C'est justement ces probabilités a priori qui posent ici problème.
Je laisse la parole à Maurice Boudot :
« Le point essentiel à noter est que le calcul des probabilités a posteriori suppose la connaissance, non seulement des vraisemblances mais encore des probabilités a priori. Or, si dans les applications du théorème de Bayes on a souvent de bonnes raisons d'assigner aux premières des valeurs déterminées, il est rare qu'il en soit de même en ce qui concerne les secondes. Un usage répandu veut qu'en l'absence de raisons contraires, on attribue des valeurs égales aux probabilités a priori et c'est cet usage qui est contestable. [...] Il est clair que l'usage du théorème de Bayes que nous venons de décrire pose déjà question : de quel droit traite-t-on la probabilité d'un événement aléatoire comme une variable aléatoire ? Pour être inconnue cette grandeur est-elle une variable aléatoire ? De quel droit lui attribue-t-on une densité déterminée ? [...] Recourir au principe d'indifférence, affirmer qu'on peut supposer toutes les valeurs également probables, puisqu'on ne sait rien, est un mauvais argument. Si ce principe a un usage légitime, ce qui n'est nullement exclu, cet usage est tout autre : on peut tenir pour également probable des événements tels qu'on puisse affirmer qu'il n'y a nulle raison pour que l'un se produise plutôt que l'autre, non des événements dont on ne sait rien. »

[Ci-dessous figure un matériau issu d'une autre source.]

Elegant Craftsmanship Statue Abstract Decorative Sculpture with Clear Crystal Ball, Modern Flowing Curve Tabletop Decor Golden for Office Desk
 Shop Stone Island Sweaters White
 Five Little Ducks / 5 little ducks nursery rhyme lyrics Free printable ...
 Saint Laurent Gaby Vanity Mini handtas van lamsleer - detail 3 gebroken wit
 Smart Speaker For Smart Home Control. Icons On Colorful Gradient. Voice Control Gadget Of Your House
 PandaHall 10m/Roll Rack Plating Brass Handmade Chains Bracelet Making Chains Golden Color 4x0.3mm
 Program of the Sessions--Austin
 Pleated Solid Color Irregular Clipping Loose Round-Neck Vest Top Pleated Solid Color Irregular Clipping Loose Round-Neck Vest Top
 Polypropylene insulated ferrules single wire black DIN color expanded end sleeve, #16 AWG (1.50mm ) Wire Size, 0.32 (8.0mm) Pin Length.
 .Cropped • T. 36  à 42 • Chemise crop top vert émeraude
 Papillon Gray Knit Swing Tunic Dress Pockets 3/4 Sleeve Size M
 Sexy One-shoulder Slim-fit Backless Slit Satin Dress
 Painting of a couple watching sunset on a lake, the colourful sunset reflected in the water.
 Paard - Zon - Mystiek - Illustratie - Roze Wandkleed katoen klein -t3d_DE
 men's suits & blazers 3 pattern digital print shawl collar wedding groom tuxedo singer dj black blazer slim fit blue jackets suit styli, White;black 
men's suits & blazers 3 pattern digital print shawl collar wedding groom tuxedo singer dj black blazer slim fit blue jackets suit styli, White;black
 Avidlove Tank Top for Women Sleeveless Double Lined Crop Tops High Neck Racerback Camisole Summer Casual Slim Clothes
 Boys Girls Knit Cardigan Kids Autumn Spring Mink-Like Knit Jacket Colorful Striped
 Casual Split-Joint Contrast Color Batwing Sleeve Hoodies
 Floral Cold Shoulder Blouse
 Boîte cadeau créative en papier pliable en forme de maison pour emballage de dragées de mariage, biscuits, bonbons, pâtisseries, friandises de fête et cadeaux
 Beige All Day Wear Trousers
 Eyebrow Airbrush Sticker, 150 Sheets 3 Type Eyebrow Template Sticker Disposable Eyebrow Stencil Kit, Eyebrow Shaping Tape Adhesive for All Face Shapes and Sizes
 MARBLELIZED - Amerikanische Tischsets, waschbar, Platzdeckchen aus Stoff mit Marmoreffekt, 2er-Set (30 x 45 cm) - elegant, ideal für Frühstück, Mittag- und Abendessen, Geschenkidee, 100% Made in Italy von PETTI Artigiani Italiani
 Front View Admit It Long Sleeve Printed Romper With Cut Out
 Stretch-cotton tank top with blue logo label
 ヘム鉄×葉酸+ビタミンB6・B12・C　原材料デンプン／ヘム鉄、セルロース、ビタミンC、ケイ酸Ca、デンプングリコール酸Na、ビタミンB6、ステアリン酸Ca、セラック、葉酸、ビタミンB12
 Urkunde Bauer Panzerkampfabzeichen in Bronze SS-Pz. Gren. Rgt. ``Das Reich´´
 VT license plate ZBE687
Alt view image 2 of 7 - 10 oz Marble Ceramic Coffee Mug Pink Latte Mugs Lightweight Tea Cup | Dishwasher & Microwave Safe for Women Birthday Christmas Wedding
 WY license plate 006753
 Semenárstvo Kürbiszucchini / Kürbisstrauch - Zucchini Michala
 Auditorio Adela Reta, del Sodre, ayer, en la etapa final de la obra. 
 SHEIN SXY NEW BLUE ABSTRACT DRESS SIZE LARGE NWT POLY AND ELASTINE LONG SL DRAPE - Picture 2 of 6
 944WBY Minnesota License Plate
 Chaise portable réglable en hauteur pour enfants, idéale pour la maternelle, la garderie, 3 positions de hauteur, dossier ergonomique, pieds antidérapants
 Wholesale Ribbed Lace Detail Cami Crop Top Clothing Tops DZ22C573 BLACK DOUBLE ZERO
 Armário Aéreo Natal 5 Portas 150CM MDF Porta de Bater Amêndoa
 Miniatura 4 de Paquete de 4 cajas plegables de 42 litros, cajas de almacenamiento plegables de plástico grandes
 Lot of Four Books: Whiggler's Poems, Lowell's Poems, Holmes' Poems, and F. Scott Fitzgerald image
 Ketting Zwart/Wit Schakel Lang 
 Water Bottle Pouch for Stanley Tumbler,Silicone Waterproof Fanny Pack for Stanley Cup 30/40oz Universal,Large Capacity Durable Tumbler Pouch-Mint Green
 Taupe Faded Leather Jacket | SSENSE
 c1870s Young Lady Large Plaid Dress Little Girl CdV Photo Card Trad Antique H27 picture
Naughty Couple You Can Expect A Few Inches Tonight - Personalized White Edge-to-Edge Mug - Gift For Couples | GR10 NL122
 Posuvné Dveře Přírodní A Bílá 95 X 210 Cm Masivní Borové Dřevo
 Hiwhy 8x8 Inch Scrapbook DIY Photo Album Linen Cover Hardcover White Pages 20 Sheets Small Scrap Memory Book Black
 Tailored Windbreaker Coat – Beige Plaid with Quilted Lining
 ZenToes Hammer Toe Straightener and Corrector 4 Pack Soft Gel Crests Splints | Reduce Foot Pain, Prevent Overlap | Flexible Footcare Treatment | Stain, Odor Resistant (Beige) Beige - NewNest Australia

Maurice Boudot emprunte à Keynes un exemple qui conduit à une contradiction paradoxale : « On sait que le poids spécifique d'une substance est compris entre 2 et 3. Le principe d'indifférence conduit à affirmer que la probabilité pour que le poids spécifique appartienne au sous-intervalle [2 ; 2,5] est égale à 1/2 (puisque la longueur de cet intervalle est la moitié de la longueur du domaine de variation). On en conclut que la probabilité pour que le volume spécifique appartienne à l'intervalle [1/2,5 ; 1/2], c'est-à-dire [2/5 ; 1/2], est 1/2. Mais le même raisonnement conduirait à assigner la probabilité ((1/2 - 2/5) / (1/2- 1/3)) = 6/10 au même événement si on appliquait le principe d'indifférence au volume spécifique. [...] La solution des problèmes d'estimation par le principe des probabilités inverses, c'est-à-dire par usage de schémas bayésiens et application du principe d'indifférence, se heurte donc à des obstacles insurmontables. Il est étrange qu'elle ait résisté à des critiques fondées et se présente comme « le seul exemple d'une doctrine mathématique acceptée par les hommes les plus éminents et refusés par les autres » (Fisher) »
Telle était donc la réponse de Maurice Boudot, en 1972.
Aujourd'hui (ou presque), E.T. Jaynes, farouche défenseur du bayésianisme, prétend qu'il existe des « mécanismes primitifs d'assignation des probabilités à partir directement d'informations incomplètes. À cet égard, le Principe de l'entropie maximale est aujourd'hui la justification théorique la plus claire, la mieux implémentée de manière computationnelle, avec un appareil analytique aussi puissant que celui de la théorie bayésienne. À cet effet, la maximisation de l'entropie nous crée un modèle des données qui s'avère optimal selon tant de critères qu'il est difficile d'imaginer des circonstances où l'on ne voudrait pas l'utiliser dans un problème où on dispose d'un espace d'échantillonnage mais pas de modèle. »
Oui mais qu'en est-il du paradoxe de Keynes ? Et il est nécessaire de disposer au préalable d'un espace d'échantillonnage, ce qui est, à mon avis, la contrainte fondamentale qui me pousse à abandonner ce type de théorie statistique dans un cadre d'induction musicale.